The Language Log Code

Much of the news these days seems to have been written by a disciple of Thomas Pynchon, working off a caffeine overdose under severe deadline pressure. Yesterday's harvest includes the announcement by Bletchley Park of a possible solution to "the coded message on a garden monument designed and installed at the Anson family’s Shugborough, Staffordshire estate between c1748-1758". The coded message reads "D.O.U.O.S.V.A.V.V.M." and is believed by some to provide a clue to the location of the Holy Grail.

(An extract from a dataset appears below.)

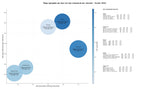 optimización de búsqueda formación empresarial, consultoría de igualdad, formación ESG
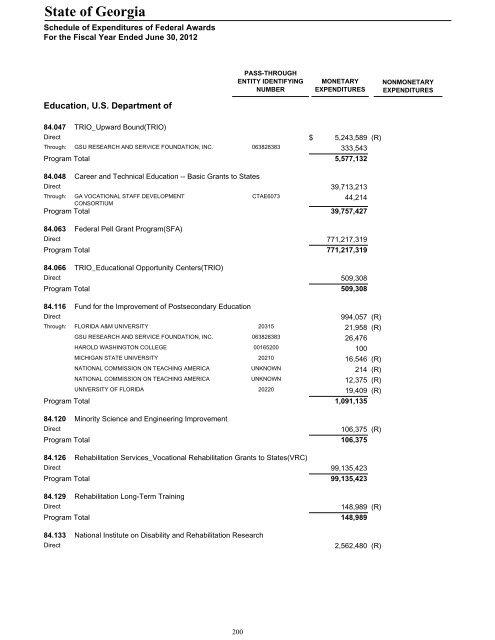 Single Audit Report Fiscal Year Ended June 30, 2012 - State ...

WW2 codebreakers Oliver and Sheila Lawn have identified not one, but rather 48 "promising approaches to cracking the code", supplied by "communications received in emails, letters, books, telephone calls and face-to-face" from a volunteer army of cryptographical irregulars, whose contributions have been organized into a "Premier Codebreakers' League", with named teams. The top of the current league standings, arranged by number of solutions, goes like this:

                              No. of Solutions   Position in League
Knights Templar Academicals           9                1
Arcady Orient                         8                3
Numbers Argyle                        6                7
Batty Brothers Albion                 6                9
Rennes-le-Château Rovers              6                4
Nifty City Shifters                   5                8
Lorn Lovers United                    5                2
Runda Town                            2                6
Maritime Wanderers                    1                5

 

The Bletchley codebreakers eliminated solutions "whose contributions covered UFO’s and Nostradamus, among others, or whose material arrived surprisingly soon after the challenge had been announced", though the reasons for these prejudices are not explained.

The anonymous author of the most highly-favored analysis has "discovered that the key is actually visible, over and over again, on the monument itself. By careful inspection, he says, the key ‘1223’ is revealed. After anagramming, a plain text message emerges: JESUS H DEFY."

My thoughts almost exactly. I reckon that by chosing among a set of plausible codes and keys, and then anagramming the results, I could make a ten-letter message say something more impressive than this. In my sleep.

Reading this, a chill may run up your spine as you realize that Language Log is an (unencrypted!) anagram for Agelong Gaul, and you contemplate the possible involvement of the ancient and international Gallic conspiracy in suppressing the hidden wisdom of the Knights Templar. The legacy of Philip the Fair lives on. And then again, maybe not.